What worries me about Nice and the entire EU project is the vast bureaucracy which is forming at its heart, one which is certain to get bigger and bigger as all of Europe and Turkey become involved. Of course, the idea of being able to move from Warsaw to Dingle without a passport or customs officer rummaging through your knickers is enchanting - provided not too many people want to do it. When the population of the Carpathians decide that they yearn to live in Kilbarrack, the notion of free movement of populations might seem less attractive.

READ MORE

But even if most people choose to stay in their country of origin, there will some emigrants who will be a curse, and who should be loathed and reviled across the broad stretch of the EU, from the Straits of Hercules to the Arctic Circle, from Bantry Bay to the Baltic. They are the Eurocrats, the vastly overpaid nomenklatura who are drawn to the overgorged centre of the EU in Brussels. These are the busybody, interfering fools who decide that cheese may not be made from unpasteurised milk, that pheasants may not be hung in shop windows, that cooked meat products may not be displayed alongside non-meat products.

Vassal states

A free trade area is one thing - we see one developing across the continent of America. The European Union is something else entirely. I read Liz O'Donnell's impassioned and eloquent defence of Nice last week with interest; if it were merely what she says it is, and what she clearly thinks it is, an enlargement of the union to encompass former communist vassal states such as Poland, Bulgaria and so on, I would raise no objection. My concern is the creation of a central bureaucracy which is either outside the control of any state or, perhaps even worse, which could be subject to the control of one or two powerful states within the Union, most obviously France and Germany, both of which have historic pan-European missions.

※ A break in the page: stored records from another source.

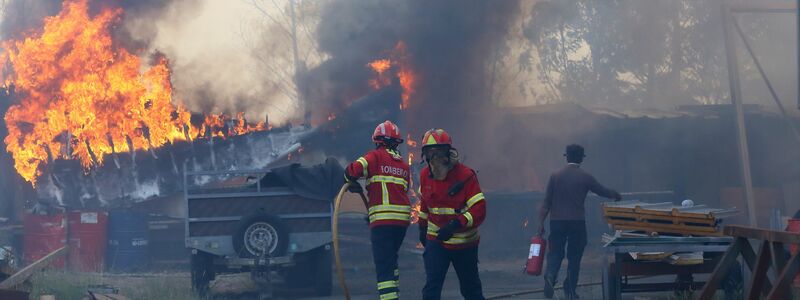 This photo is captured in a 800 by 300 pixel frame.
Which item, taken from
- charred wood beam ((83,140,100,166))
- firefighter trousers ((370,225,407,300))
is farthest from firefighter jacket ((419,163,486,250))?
charred wood beam ((83,140,100,166))

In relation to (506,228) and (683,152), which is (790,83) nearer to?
(683,152)

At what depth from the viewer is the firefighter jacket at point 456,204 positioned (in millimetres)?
7324

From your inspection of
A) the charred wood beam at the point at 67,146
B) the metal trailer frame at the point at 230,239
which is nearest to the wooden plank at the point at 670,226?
the metal trailer frame at the point at 230,239

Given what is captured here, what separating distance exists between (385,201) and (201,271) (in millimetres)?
4315

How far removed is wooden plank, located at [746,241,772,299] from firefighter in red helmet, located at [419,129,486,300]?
222 cm

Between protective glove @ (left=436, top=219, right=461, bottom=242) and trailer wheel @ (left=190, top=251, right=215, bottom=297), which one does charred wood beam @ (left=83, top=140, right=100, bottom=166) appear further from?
protective glove @ (left=436, top=219, right=461, bottom=242)

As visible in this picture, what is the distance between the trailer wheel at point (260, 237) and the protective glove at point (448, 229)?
15.2 ft

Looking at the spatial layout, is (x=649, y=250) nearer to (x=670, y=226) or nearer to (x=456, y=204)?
(x=670, y=226)

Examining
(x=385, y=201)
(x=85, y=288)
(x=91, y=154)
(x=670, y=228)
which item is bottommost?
(x=85, y=288)

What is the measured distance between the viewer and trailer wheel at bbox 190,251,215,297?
1155 centimetres

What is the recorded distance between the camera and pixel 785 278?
266 inches

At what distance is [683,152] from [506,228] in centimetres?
588

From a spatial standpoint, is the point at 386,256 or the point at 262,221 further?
the point at 262,221

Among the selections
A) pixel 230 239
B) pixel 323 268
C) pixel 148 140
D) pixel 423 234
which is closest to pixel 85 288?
pixel 230 239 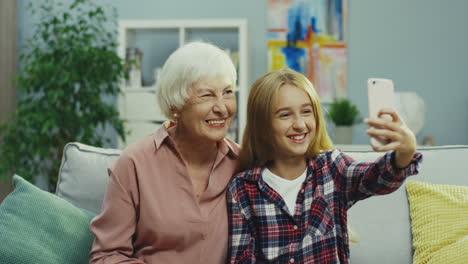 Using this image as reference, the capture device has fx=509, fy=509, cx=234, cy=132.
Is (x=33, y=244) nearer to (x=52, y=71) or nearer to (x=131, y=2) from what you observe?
(x=52, y=71)

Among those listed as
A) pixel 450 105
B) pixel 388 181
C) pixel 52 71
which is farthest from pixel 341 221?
pixel 450 105

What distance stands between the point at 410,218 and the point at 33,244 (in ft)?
3.84

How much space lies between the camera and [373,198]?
1.72m

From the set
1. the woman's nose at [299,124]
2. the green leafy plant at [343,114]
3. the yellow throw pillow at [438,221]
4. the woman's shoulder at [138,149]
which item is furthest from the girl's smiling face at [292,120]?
the green leafy plant at [343,114]

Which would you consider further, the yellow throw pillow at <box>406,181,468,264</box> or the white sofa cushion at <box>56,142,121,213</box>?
the white sofa cushion at <box>56,142,121,213</box>

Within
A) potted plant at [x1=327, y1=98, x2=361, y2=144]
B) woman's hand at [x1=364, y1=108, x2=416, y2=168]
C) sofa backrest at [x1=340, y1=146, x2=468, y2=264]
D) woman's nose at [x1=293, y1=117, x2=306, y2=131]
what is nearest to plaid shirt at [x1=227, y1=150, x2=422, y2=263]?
woman's nose at [x1=293, y1=117, x2=306, y2=131]

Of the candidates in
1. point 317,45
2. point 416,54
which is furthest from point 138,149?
point 416,54

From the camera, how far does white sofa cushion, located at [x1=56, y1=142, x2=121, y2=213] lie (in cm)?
176

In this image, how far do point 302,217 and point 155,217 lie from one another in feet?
1.31

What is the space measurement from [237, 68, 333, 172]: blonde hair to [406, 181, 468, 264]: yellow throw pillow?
0.40m

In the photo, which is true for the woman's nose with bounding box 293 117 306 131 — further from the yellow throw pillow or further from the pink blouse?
the yellow throw pillow

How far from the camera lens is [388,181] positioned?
1.17 meters

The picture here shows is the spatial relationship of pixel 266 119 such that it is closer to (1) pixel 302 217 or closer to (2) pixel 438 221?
(1) pixel 302 217

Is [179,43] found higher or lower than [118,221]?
higher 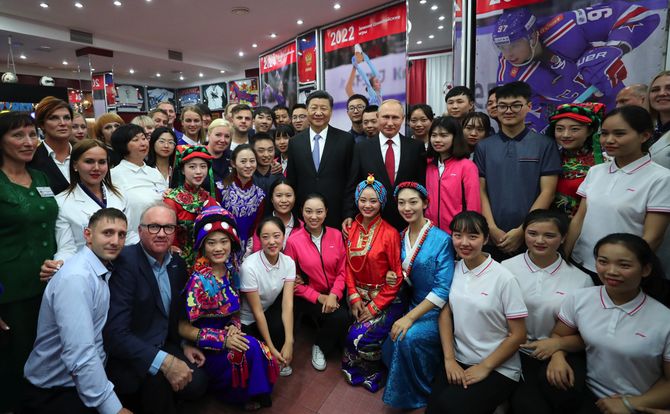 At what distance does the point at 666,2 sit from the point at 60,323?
5125 millimetres

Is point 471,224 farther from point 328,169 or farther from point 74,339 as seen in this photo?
point 74,339

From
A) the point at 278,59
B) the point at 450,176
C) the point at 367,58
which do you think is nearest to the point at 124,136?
the point at 450,176

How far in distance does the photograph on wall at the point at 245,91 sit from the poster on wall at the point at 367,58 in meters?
4.43

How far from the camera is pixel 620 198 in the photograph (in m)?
2.08

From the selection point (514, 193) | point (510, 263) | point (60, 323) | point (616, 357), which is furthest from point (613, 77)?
point (60, 323)

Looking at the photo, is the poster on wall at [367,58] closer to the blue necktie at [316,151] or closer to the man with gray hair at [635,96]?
the blue necktie at [316,151]

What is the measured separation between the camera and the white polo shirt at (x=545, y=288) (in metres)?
2.13

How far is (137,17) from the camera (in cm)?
761

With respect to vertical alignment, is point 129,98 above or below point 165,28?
below

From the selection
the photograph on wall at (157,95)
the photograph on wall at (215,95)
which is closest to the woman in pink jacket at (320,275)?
the photograph on wall at (215,95)

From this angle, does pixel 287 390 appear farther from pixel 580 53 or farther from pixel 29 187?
pixel 580 53

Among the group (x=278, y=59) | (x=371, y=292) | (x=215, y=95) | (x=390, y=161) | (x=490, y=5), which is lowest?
(x=371, y=292)

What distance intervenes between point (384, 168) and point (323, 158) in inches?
22.9

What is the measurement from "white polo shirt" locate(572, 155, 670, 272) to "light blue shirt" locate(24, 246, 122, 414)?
113 inches
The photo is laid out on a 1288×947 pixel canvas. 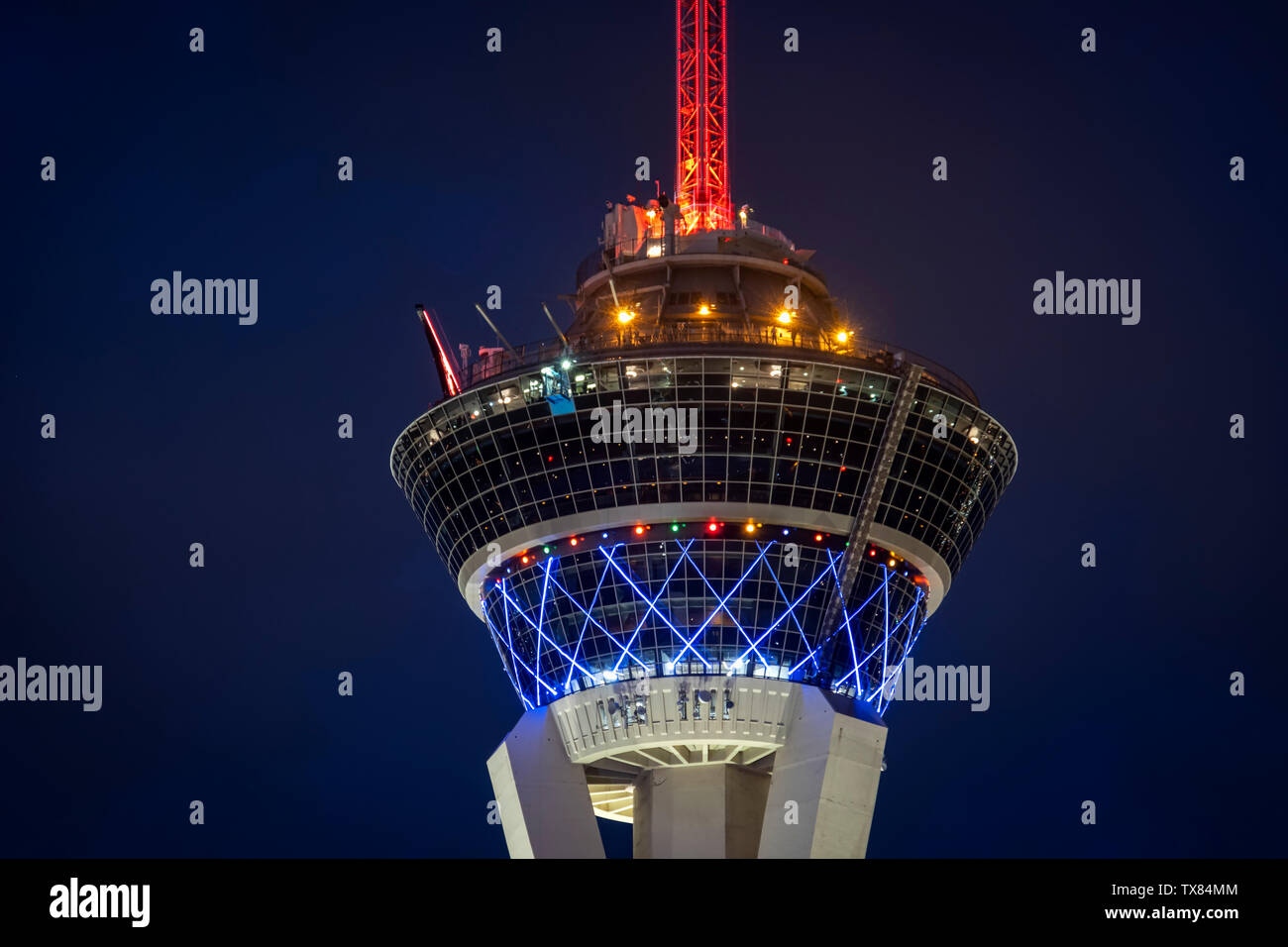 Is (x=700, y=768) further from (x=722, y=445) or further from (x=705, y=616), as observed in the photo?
(x=722, y=445)

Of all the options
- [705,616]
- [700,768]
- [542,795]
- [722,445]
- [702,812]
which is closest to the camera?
[542,795]

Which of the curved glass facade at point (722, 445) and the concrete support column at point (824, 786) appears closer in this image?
the concrete support column at point (824, 786)

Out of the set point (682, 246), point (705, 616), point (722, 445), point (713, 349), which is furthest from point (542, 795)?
point (682, 246)

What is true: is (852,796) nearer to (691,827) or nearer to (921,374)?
(691,827)

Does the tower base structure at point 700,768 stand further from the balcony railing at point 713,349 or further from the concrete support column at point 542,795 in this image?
the balcony railing at point 713,349

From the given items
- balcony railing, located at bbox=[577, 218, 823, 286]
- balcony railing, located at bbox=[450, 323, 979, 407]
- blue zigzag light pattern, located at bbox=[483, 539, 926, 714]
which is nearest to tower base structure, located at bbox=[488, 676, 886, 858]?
blue zigzag light pattern, located at bbox=[483, 539, 926, 714]

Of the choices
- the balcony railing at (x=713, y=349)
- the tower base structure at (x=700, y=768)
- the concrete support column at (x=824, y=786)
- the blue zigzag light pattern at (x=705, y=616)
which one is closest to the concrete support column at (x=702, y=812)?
the tower base structure at (x=700, y=768)

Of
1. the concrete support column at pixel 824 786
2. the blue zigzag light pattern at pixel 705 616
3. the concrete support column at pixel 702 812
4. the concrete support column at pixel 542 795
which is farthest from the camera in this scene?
the concrete support column at pixel 702 812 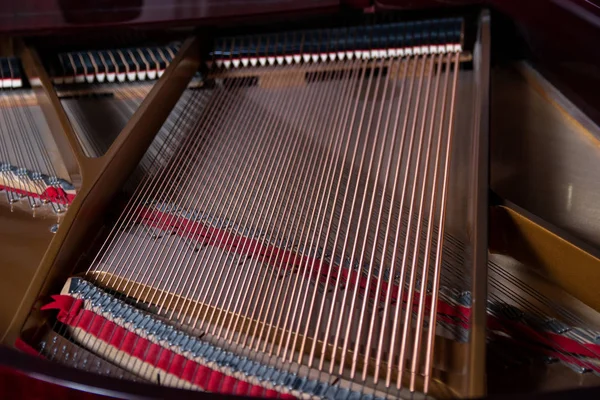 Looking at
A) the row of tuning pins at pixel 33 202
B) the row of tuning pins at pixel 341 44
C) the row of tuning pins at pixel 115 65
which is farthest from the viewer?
the row of tuning pins at pixel 115 65

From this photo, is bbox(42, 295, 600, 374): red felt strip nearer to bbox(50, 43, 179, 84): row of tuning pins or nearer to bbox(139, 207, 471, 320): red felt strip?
bbox(139, 207, 471, 320): red felt strip

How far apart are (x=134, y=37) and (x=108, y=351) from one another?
1.33 meters

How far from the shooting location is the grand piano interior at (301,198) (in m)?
1.54

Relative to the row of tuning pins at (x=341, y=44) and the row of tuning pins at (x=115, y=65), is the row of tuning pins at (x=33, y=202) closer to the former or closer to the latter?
the row of tuning pins at (x=115, y=65)

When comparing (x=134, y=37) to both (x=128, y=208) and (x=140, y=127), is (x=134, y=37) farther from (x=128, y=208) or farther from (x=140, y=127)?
(x=128, y=208)

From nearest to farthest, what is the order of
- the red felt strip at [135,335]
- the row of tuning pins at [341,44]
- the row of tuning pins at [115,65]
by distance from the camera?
the red felt strip at [135,335] < the row of tuning pins at [341,44] < the row of tuning pins at [115,65]

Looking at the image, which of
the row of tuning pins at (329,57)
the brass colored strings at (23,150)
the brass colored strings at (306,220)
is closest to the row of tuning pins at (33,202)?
the brass colored strings at (23,150)

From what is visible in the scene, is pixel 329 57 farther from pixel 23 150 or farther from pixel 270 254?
pixel 23 150

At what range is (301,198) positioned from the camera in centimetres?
196

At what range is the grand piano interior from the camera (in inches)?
60.7

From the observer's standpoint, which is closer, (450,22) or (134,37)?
(450,22)

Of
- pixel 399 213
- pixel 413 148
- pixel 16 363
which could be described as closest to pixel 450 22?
pixel 413 148

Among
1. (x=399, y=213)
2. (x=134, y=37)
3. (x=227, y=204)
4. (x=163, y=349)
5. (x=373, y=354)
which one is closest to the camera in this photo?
(x=373, y=354)

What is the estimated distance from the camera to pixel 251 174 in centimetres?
210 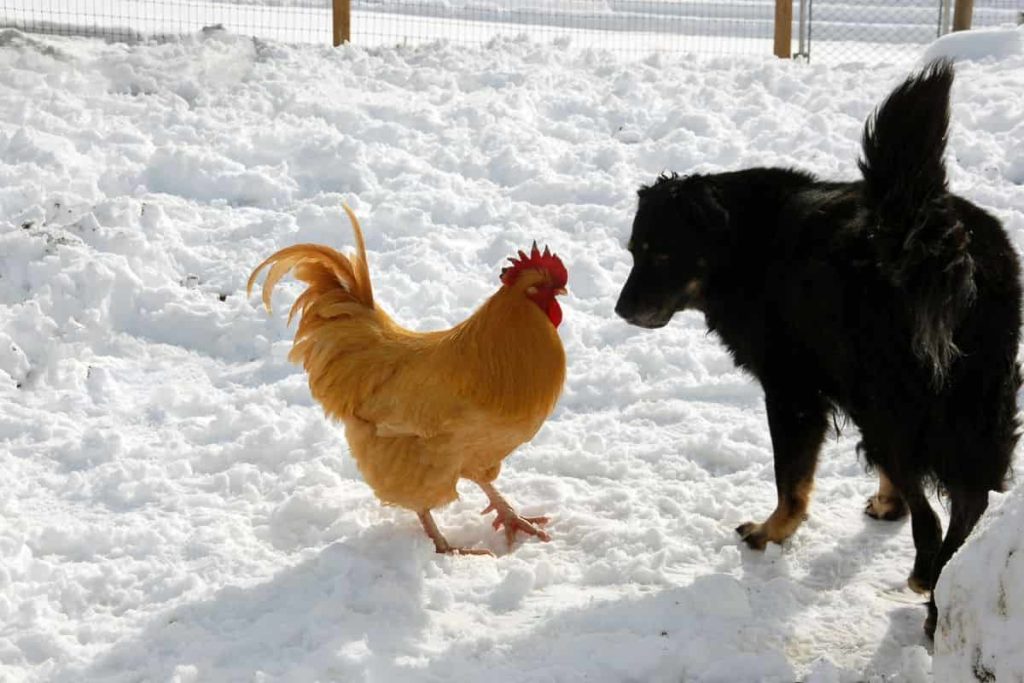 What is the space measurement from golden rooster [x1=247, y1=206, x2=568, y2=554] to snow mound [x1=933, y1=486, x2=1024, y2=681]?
6.38ft

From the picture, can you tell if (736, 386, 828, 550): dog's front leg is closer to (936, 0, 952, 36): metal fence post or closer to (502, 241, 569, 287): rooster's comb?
(502, 241, 569, 287): rooster's comb

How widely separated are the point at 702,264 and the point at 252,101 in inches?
249

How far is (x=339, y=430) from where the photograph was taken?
5484 millimetres

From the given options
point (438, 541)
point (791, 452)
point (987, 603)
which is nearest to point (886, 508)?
point (791, 452)

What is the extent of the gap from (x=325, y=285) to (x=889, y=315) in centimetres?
247

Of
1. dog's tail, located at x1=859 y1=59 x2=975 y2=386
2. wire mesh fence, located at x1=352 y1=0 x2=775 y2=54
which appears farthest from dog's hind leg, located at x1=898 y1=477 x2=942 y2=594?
wire mesh fence, located at x1=352 y1=0 x2=775 y2=54

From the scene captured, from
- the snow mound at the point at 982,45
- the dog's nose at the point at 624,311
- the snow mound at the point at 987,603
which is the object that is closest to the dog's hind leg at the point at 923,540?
the snow mound at the point at 987,603

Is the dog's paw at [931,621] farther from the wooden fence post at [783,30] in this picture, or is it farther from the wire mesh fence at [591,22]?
the wire mesh fence at [591,22]

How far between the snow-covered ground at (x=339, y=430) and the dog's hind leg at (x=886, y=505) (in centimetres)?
11

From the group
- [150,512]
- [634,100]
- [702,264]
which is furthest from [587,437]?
[634,100]

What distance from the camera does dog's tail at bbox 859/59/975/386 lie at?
3.54 metres

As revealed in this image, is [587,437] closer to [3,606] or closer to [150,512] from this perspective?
[150,512]

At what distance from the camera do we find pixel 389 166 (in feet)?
28.3

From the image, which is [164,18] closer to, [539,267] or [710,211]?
[539,267] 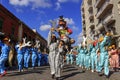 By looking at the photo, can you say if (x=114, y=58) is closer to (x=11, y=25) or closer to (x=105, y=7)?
(x=11, y=25)

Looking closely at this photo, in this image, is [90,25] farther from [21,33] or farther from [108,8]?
[21,33]

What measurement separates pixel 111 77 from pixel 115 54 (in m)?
5.59

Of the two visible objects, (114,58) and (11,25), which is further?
(11,25)

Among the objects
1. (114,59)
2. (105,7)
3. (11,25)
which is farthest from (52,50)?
(105,7)

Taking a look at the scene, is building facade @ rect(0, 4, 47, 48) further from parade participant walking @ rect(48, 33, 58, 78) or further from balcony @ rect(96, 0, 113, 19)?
parade participant walking @ rect(48, 33, 58, 78)

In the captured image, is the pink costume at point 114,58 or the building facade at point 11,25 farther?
the building facade at point 11,25

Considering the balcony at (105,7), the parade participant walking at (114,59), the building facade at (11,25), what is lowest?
the parade participant walking at (114,59)

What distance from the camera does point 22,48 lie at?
14805 millimetres

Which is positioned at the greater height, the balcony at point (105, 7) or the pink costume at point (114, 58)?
the balcony at point (105, 7)

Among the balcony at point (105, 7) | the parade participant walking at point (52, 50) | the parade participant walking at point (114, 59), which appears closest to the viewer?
the parade participant walking at point (52, 50)

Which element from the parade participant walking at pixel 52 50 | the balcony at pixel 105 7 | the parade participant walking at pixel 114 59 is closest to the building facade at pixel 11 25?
the balcony at pixel 105 7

Any discussion about this historic truth is still-born in Ireland because of our desire to be better and more enthusiastic Europeans than the British. Europhilia is almost an Irish badge of identity, and to wonder whether or not the historical forces which once drove Germany and France are quite as extinct as Euro-enthusiasts maintain is an unmentionable heresy. Yet we know from our own history that certain traditions remain invisibly vibrant and powerful within our political culture, though clothed in the raiments of modernity, as the popularity of Sinn Fein among young people in the Republic testifies.

So merely the heartfelt and genuine assurance from the governments of Paris and Berlin that they are not set on turning the European Union into a new Empire is not enough. I believe them. But those elected to power tomorrow might represent traditions which are not evident in government today; and if some future politicians, who are driven by more atavistic urges than today's, have control of these mighty pan-European institutions with power over our laws and our resources, might they not manipulate them for their own ends, with us powerless to halt them? A benign institution can with mere cellular manipulation become a highly malignant one, as any oncologist can tell you.

Non-nation state

But even without the reemergence of ancient historical forces in France and Germany, and even allowing their their agendas remain open and democratic, there remains this other mighty non-nation imperial state in Brussels. It is growing almost unchecked because those who might limit that growth, the elected politicians of Europe, are themselves devotees of the European Project: who seeks to be an MEP who wishes to close down the EU?

And what power will reside there when its governance reaches from Anatolia to the Skaggerack, from Malta to Malin Head? It worries me. Yet there remains one powerful reason for voting for Nice: the opposition to it from the Shinners and Sandals. If Bono's against it too, then my mind's made up: I'm voting yes.